Directions for this task:
The records are to be copied from the line that contains "Orecchini pendenti &" through their last line, word for word, with every picture left out.

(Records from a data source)
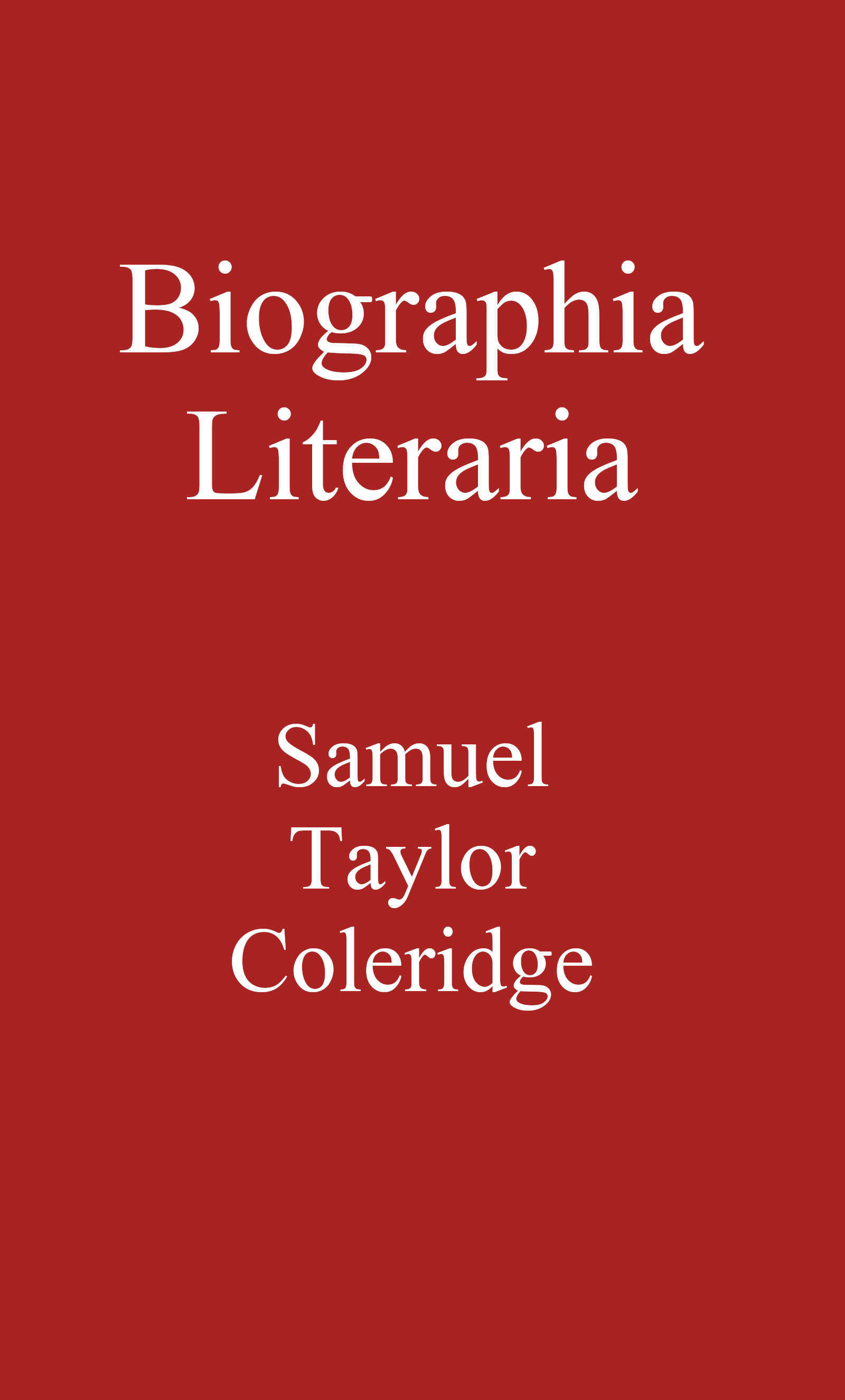 جلد کتاب Biographia Literaria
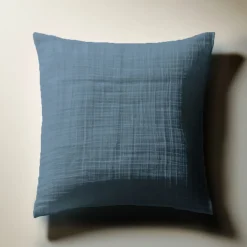 Taie d'oreiller gaze de coton TERTIO® - Bleu orage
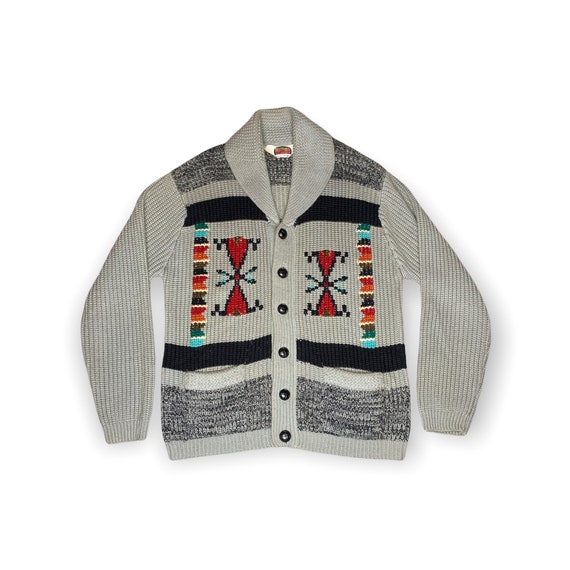 Vintage 70s Miller Outerwear AZTEC Cowichan Cardi… - image 1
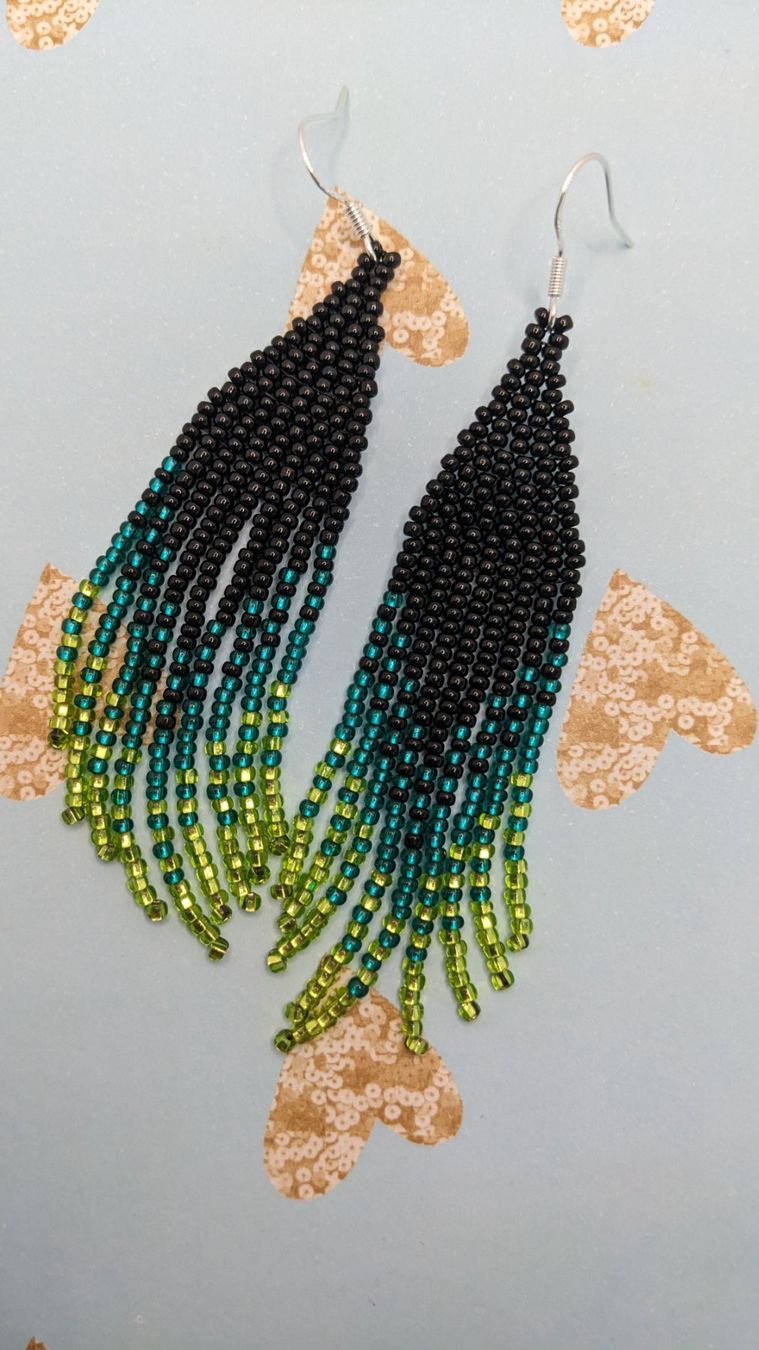 Orecchini pendenti & Orecchini a lobo: Fringe Earrings Green/Fransen Ohrringe grün – Nuovo (secondo la descrizione) da Zürich venduto da ChicElegance_Jewelry 4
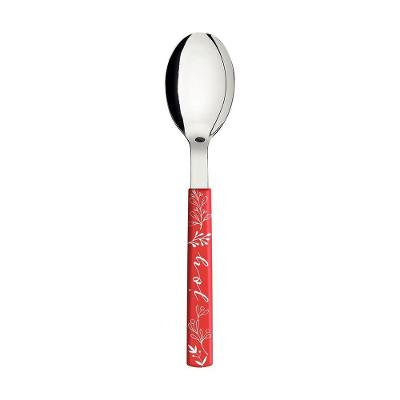 Colher De Mesa Casa Natal Com Lâmina De Aço Inox E Cabo De Polipropileno Vermelho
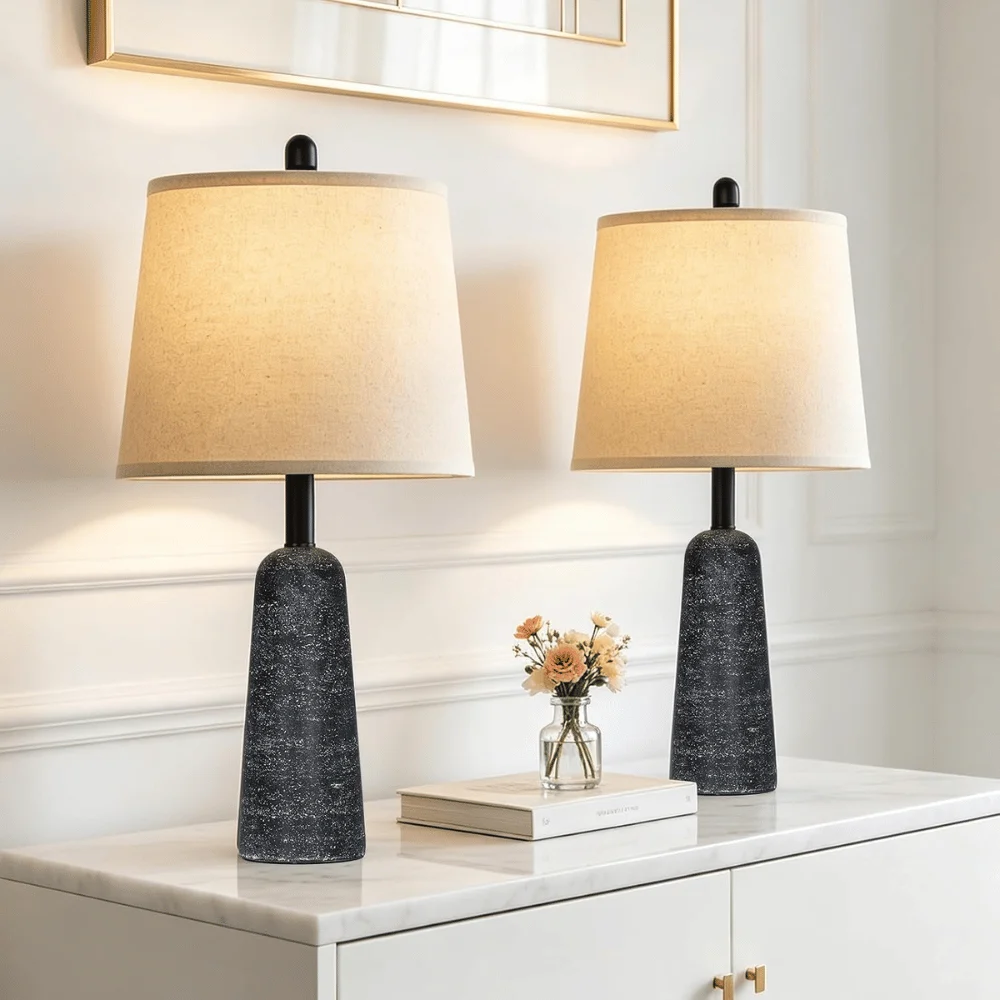 24″ Modern Faux Stone Table Lamps Set Deal: Save $61.xx at Amazon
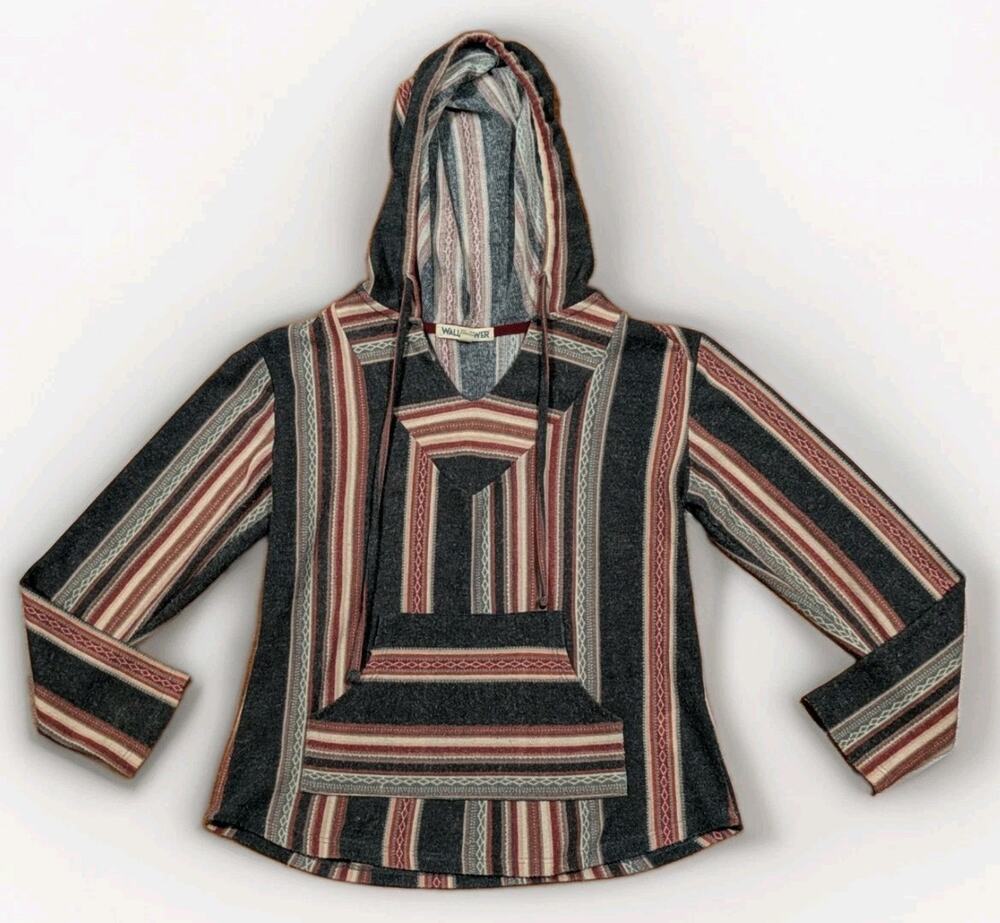 Wallflower Womens S Baja Hoodie Striped Drug Rug Boho Pullover Kangaroo Pocket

Response to the exercise:
 Orecchini pendenti & Orecchini a lobo: Fringe Earrings Green/Fransen Ohrringe grün – Nuovo (secondo la descrizione) da Zürich venduto da ChicElegance_Jewelry 4
 Colher De Mesa Casa Natal Com Lâmina De Aço Inox E Cabo De Polipropileno Vermelho
 24″ Modern Faux Stone Table Lamps Set Deal: Save $61.xx at Amazon
 Wallflower Womens S Baja Hoodie Striped Drug Rug Boho Pullover Kangaroo Pocket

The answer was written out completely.